Using the data below, output a verbatim copy of the lines between the one holding "JB Hi-Fi catalogue" and the one holding "Keyless Entry Smart Deadbolt", inclusive, without any pictures.

▸ **Dataset excerpts**
##########

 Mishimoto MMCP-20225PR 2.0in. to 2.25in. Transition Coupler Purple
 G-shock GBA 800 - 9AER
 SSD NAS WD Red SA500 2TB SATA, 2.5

##########

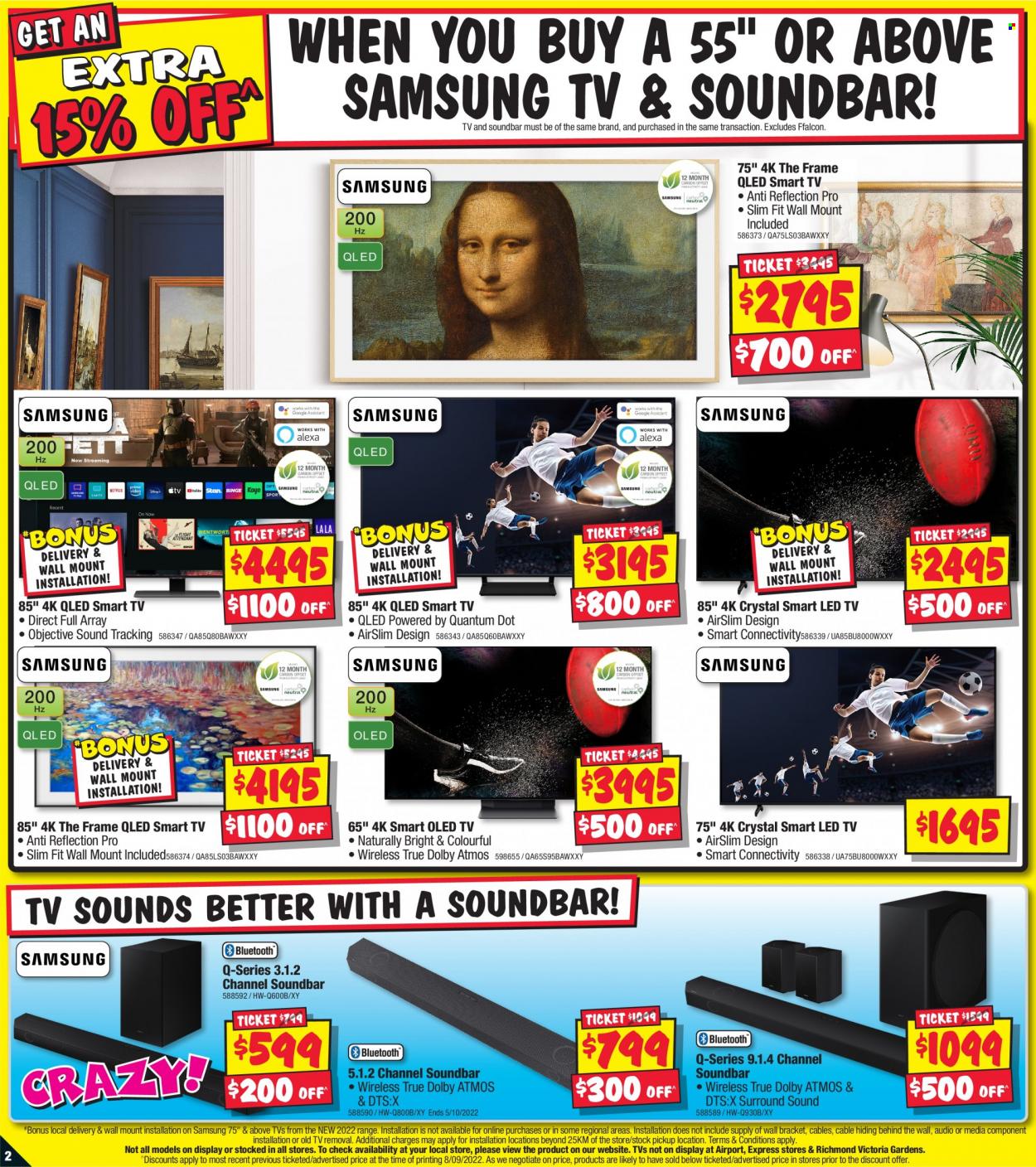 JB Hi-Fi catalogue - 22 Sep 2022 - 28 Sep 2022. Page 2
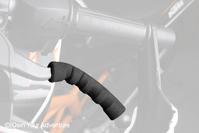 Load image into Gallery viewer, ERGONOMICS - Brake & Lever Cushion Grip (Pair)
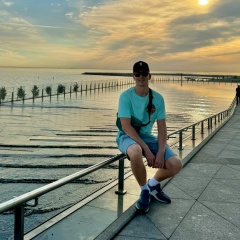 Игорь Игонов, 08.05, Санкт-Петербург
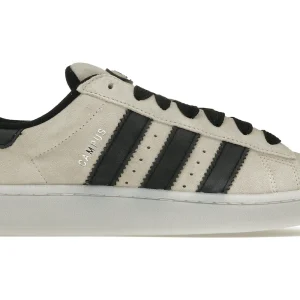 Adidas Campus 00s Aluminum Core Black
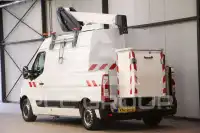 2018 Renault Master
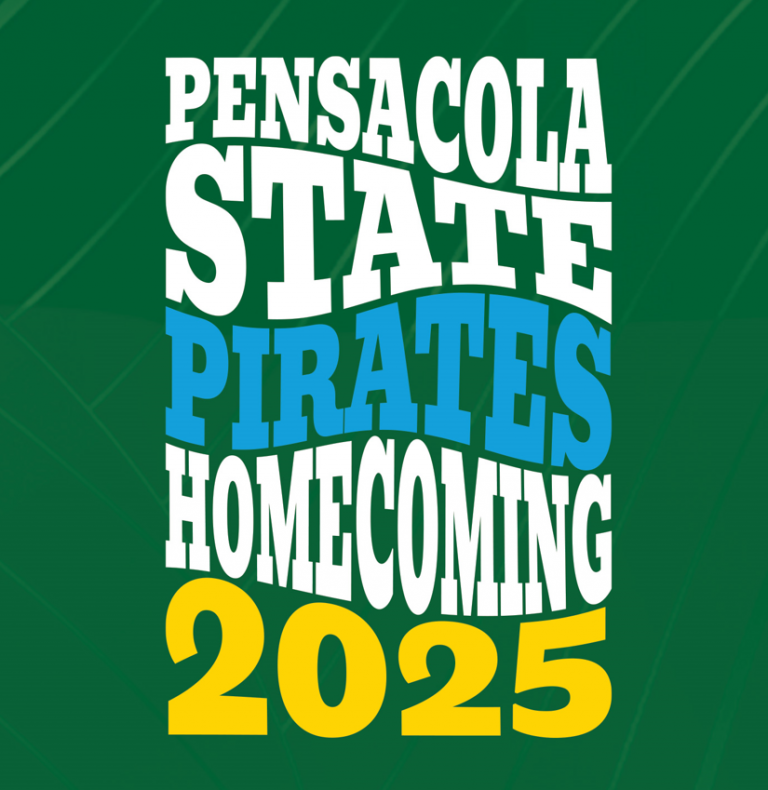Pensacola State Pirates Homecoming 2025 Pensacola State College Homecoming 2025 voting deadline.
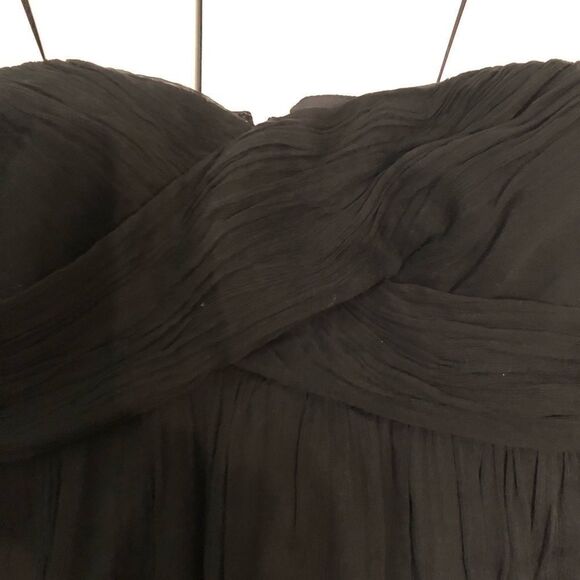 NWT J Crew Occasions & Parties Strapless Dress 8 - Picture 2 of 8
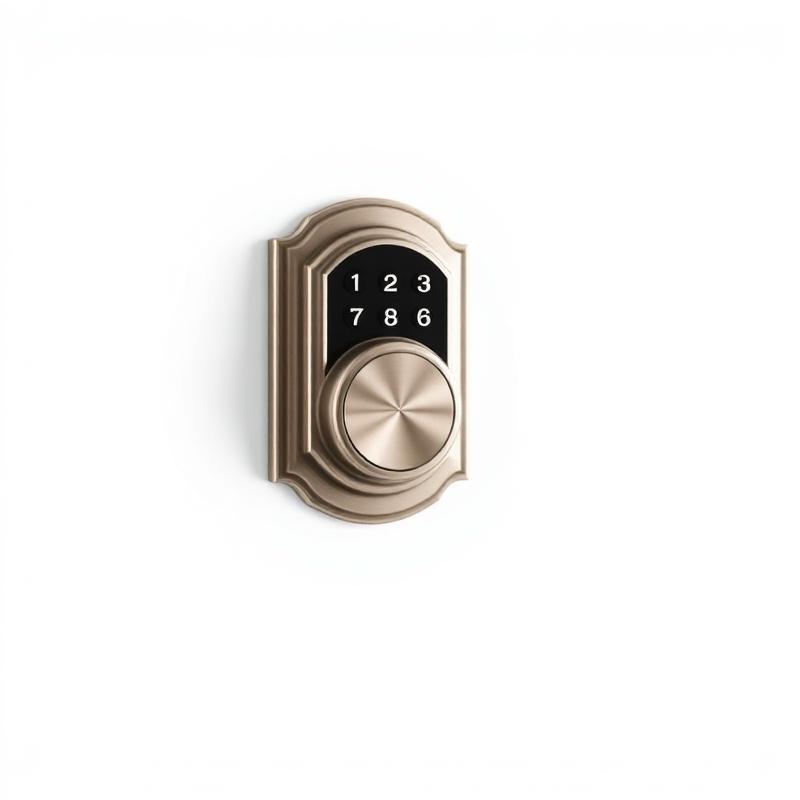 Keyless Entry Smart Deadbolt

##########

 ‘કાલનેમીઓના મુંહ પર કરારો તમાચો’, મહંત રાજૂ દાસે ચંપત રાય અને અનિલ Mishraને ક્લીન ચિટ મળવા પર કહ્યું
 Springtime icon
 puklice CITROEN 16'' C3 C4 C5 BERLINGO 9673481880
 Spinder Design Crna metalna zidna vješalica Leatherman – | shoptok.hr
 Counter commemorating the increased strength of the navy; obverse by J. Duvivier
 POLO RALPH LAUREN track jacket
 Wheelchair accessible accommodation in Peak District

##########

▸ **Answer for this exercise**
 JB Hi-Fi catalogue - 22 Sep 2022 - 28 Sep 2022. Page 2
 Load image into Gallery viewer, ERGONOMICS - Brake & Lever Cushion Grip (Pair)
 Игорь Игонов, 08.05, Санкт-Петербург
 Adidas Campus 00s Aluminum Core Black
 2018 Renault Master
Pensacola State Pirates Homecoming 2025 Pensacola State College Homecoming 2025 voting deadline.
 NWT J Crew Occasions & Parties Strapless Dress 8 - Picture 2 of 8
 Keyless Entry Smart Deadbolt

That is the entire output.